The Wrangler User Interface of Cloud Data Fusion

Photo by Priscilla Du Preez on Unsplash

This Google product was briefly introduced in our previous blog post, Introduction to Cloud Data Fusion. In particular, it was explained the set-up, the cost structure, and the pipeline studio’s plugins elements. This blog post will focus more on introducing the Wrangler User Interface tool.

The Wrangler UI is a handy interface to clean, transform and prepare a dataset. With this tool, you can change a datatype, apply filters, correctly deal with null values, create new fields, etc. Furthermore, it also has an insights section where you can quickly visualise your data.

Wrangler UI — Data

This section will focus on explaining the step required to use the Wrangler UI and the capabilities of this tool. To use it you need to select Wrangler from the top Menu.

Wrangler Section

As a first step, you need to select a table inside a dataset from one of the available sources (i.e. BigQuery, Cloud Storage or another database source).

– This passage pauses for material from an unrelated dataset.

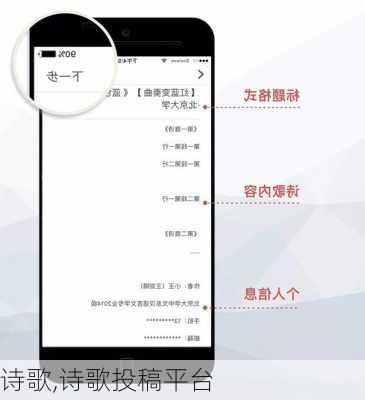诗歌,诗歌投稿平台-第3张图片-星梦范文网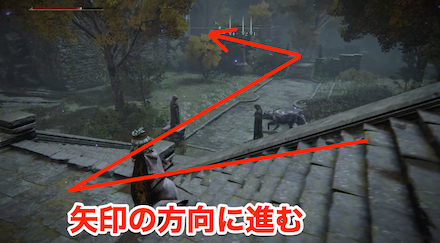 矢印の方向に進む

A sample of 1000 rows will be loaded into the interface.

Available Sources

Here you will have the option to choose between Data (to transform the data) or Insights (to rapidly visualise the information), by selecting the right button inside the yellow box of the screenshot below.

On the right side of the Data section, you will see a list of available fields with the relative percentage of non-missing values in the sample (i.e. Completion, green box in the screenshot).

By clicking on the arrow at the left of a column name (i.e. red box), you can modify the data inside that column.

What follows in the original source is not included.